Czy wszystkie źródła odwiedzin przeszły test? OK, problem musi być gdzie indziej. Kontynuujmy nasze śledztwo.

2. Czy Twoja kopia inspiruje do działania?

Bardzo często widzę ten błąd: ludzie mylą treść z kopią. Tak więc ich strony docelowe kończą się skrzyżowaniem tych dwóch z długimi wyjaśnieniami w stylu artykułu i kilkoma dodanymi CTA.

Szybki podkład: strona docelowa jest w 100% kopiowana. Jeśli wyjaśnisz, jak coś działa, wyjaśnij to, koncentrując się na korzyściach, a nie funkcjach.
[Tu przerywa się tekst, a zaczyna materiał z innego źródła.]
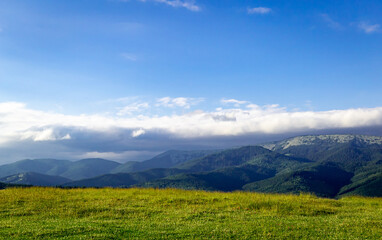 Obraz premium Beautiful landscape in the mountains, sky with clouds.
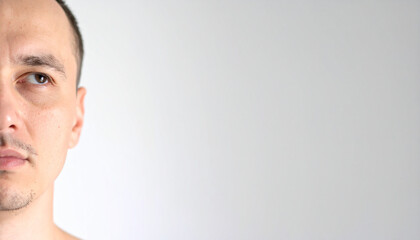 Fototapeta premium the image presents a close up, off center portrait against a flat, light gray background. a face is positioned on the left side, taking up a portion of the frame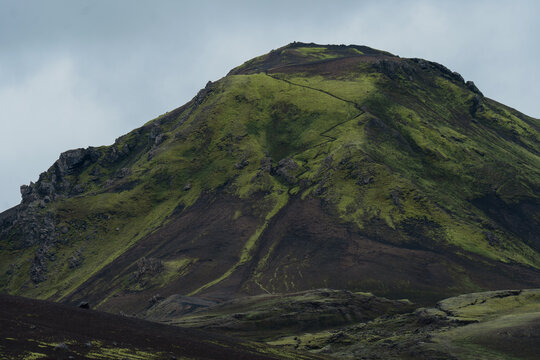 Volcanic hill covered in neon green moss in Iceland in Highlands 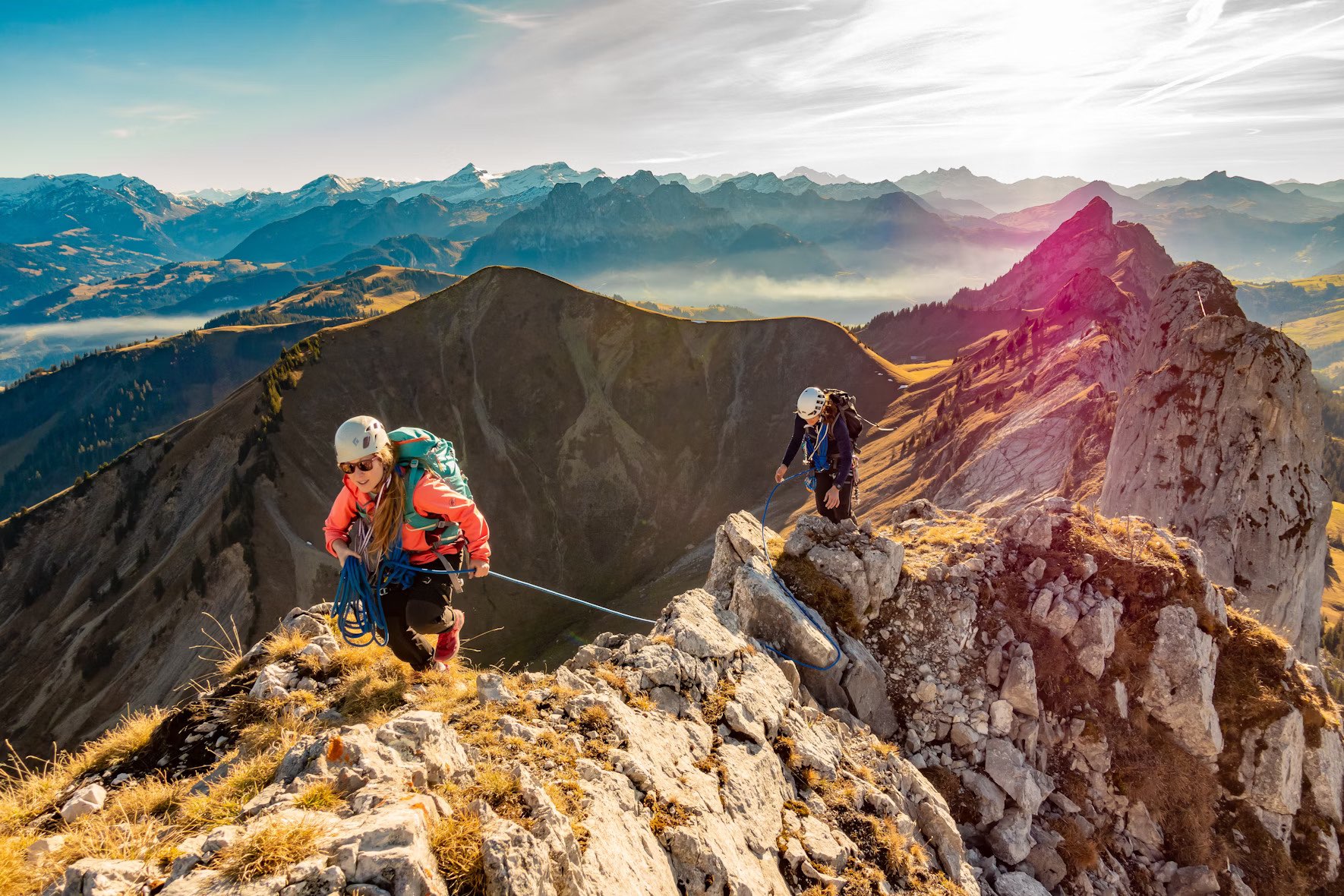 Photo of two climbers roped together traversing a ridge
Nie potrzebujesz historii produktu lub usługi, którą tu sprzedajesz, ani długich zdań.

Każde słowo, które piszesz, ma jeden cel: nawrócić. Nie wyjaśniasz; nie usprawiedliwiasz; nie wyciągasz wniosków. Nawracasz!

3. Ile rzeczy próbujesz sprzedać na jednej stronie docelowej?

Jeśli odpowiedziałeś na więcej niż jedną, potrzebujesz więcej niż jednej strony docelowej. Innymi słowy: nie używaj więcej niż jednego kluczowego komunikatu na stronę docelową. Zmylisz czytelnika, a współczynnik konwersji spadnie.

Strona docelowa powinna mieć wyraźny (pojedynczy!) nacisk. Pomyśl o reklamie telewizyjnej: na początku widzisz wspaniały samochód pod każdym kątem. Kiedy jesteś już prawie gotowy, aby powiedzieć, że to na pewno będzie twój następny samochód i poszukaj dealera w swojej okolicy, spot zmienia biegi i nagle widzisz malucha cieszącego się paluszkami mozzarelli.

Widziałeś kiedyś coś podobnego, co nie było żartem? Nie? To dlatego, że zmiana fokusu nie działa w żadnym rodzaju marketingu ani reklamy.

Zawijanie rzeczy

Klientom mojej agencji zawsze doradzam dzielenie testowych stron docelowych, szczególnie tych bardzo ważnych. Marketing nie jest nauką ścisłą, więc często trudno jest wykryć winowajcę bez testowania.

Co ważniejsze, dokładne testy i weryfikacja mogą pomóc w wyeliminowaniu ponurego przypuszczenia, o którym nikt nie lubi myśleć: co, jeśli to nie wina strony, ale produktu? Jeśli wydarzy się najgorsze, lepiej przestać zarabiać na tworzeniu niezliczonych wersji stron docelowych dla tego samego produktu i skupić się na czymś innym – im szybciej się o tym dowiesz, tym lepiej.

Potrzebujesz pomocy w zwiększeniu współczynników konwersji? Mój zespół i ja jesteśmy na wyciągnięcie ręki, a copywriting zorientowany na ROI to nasza specjalność!